A quarentena desperta o que há de melhor e pior em nós.
Há dias em que estamos puro amor e cumprimentamos o sol, fazemos carinho em almofada e beijamos planta.
Outros em que tacamos lysoform no vizinho, arremessamos a louça na parede e botamos fogo no jardim (tudo isso de máscara, seguindo as recomendações da OMS).
Normal.
Na quarentena, a gente casou com a gente mesmo e a essa altura o relacionamento já está bem desgastado.

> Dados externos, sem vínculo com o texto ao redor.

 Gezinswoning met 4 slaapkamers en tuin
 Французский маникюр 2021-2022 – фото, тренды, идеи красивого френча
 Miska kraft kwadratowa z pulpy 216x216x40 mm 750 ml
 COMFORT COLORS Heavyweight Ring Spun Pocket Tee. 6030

Tem gente divorciando de si.
A verdade é que aquelas questõezinhas internas, profundas, que anestesiávamos com eventos sociais e viagens, empurrando para as profundezas do nosso oceano emocional, resolveram dar um alô na superfície. E aqui estamos, lidando com esse casamento em regime de comunhão parcial de medos, descobertas e amor.
Só que a gente assinou esse contrato nupcial sem ler. E, lá nas letras miudinhas, estava escrito que ia chegar um processo de dor, angústia e reflexão.

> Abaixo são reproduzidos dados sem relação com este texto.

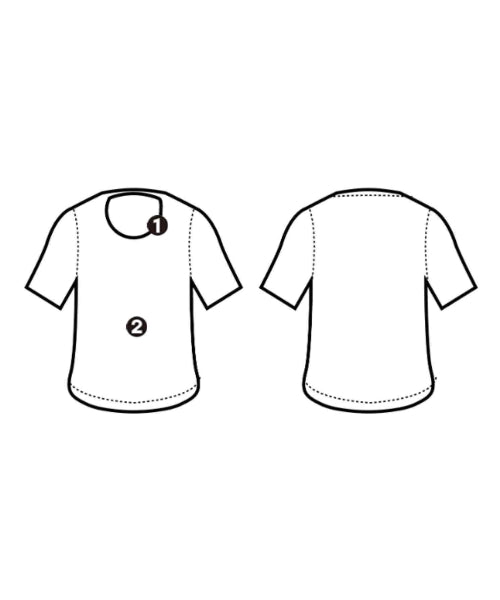 LOEWE เสื้อยืด/เสื้อท็อปส์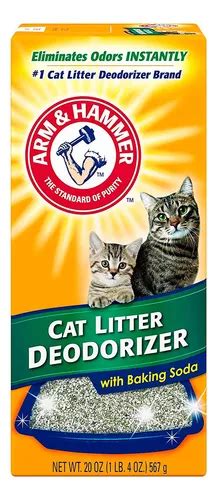 Arm Hammer Cat Litter Deodorizer Elimina Olores Gatos Meses sin interés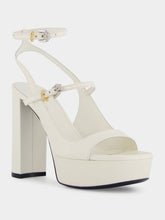 Givenchy Voyou Platform Ankle Strap Sandals
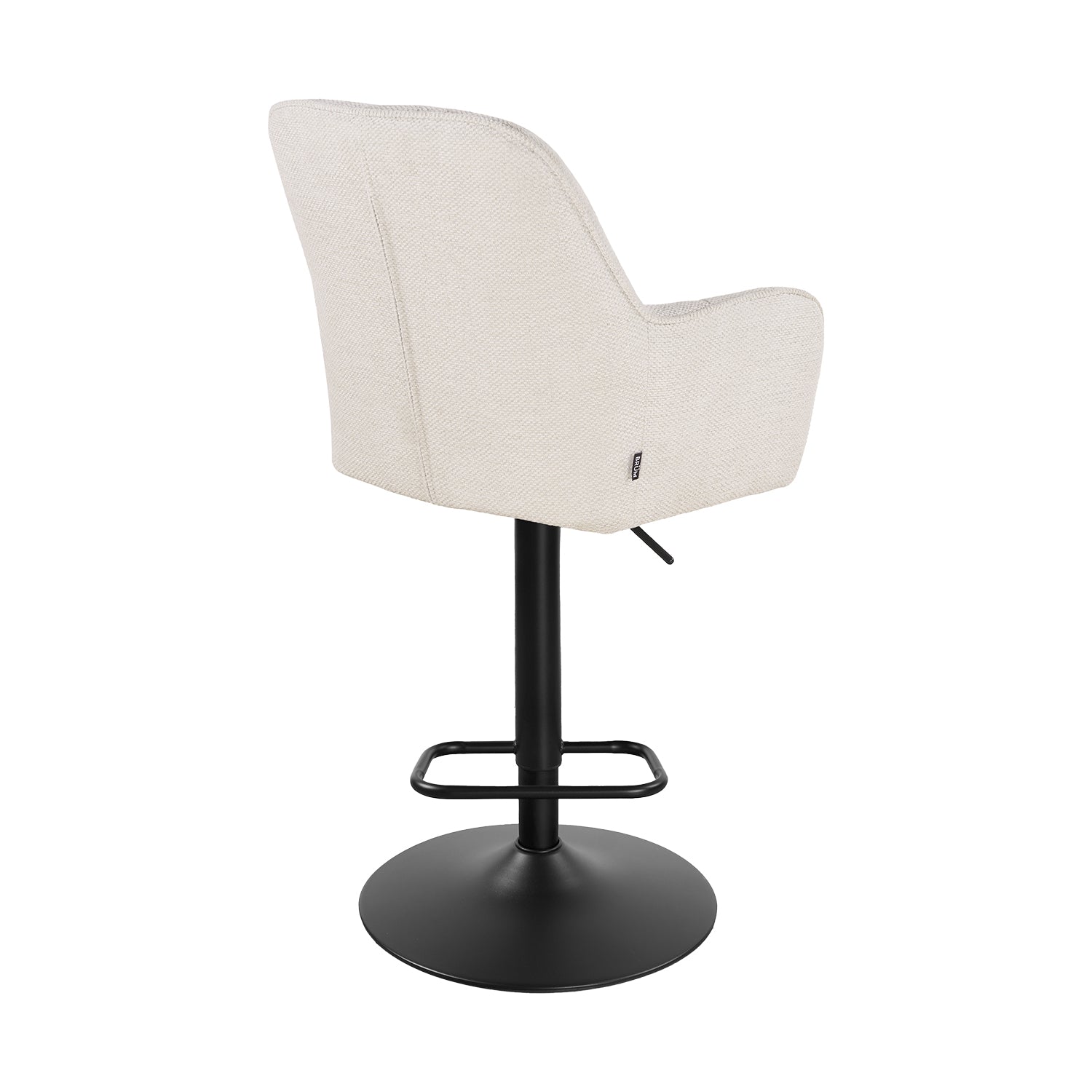 Banco Amsterdam Crema Vista en Perspectiva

Tinha também um asterisco dizendo que tudo, absolutamente tudo, viria à tona.
A quarentena tem feito a gente enxergar a nossa vida de drone.
Entramos em um enorme raio-x, capaz de detectar todas as feridas internas e transformá-las em fraturas expostas, bem na nossa frente.
“Cure-as agora ou somatize para sempre”, disse o padre.
Pois eu, Mariana, aceito Mariana como meu legítimo amor, e me prometo ser fiel, amar-me e respeitar-me, na pia cheia e na vazia, nos bad har day e nos good, na cara com e sem espinha, na alegria e na tristeza, por todos os dias da minha vida.
Eu me aceito.
Aceito quem sou.
Aceito que sou ótima para algumas coisas.
E péssima para outras.
Aceito meus dias bons.
E também os dias tristes.
Aceito que tem muita bosta acontecendo no mundo e que não tenho gestão alguma sobre isso.
Também aceito que é possível ter consequências positivas de situações bosta.
Aceito, inclusive, que é tudo bem estar bem enquanto o mundo está mal.
Aceitação.
Li, aceito e concordo com os termos de uso da vida.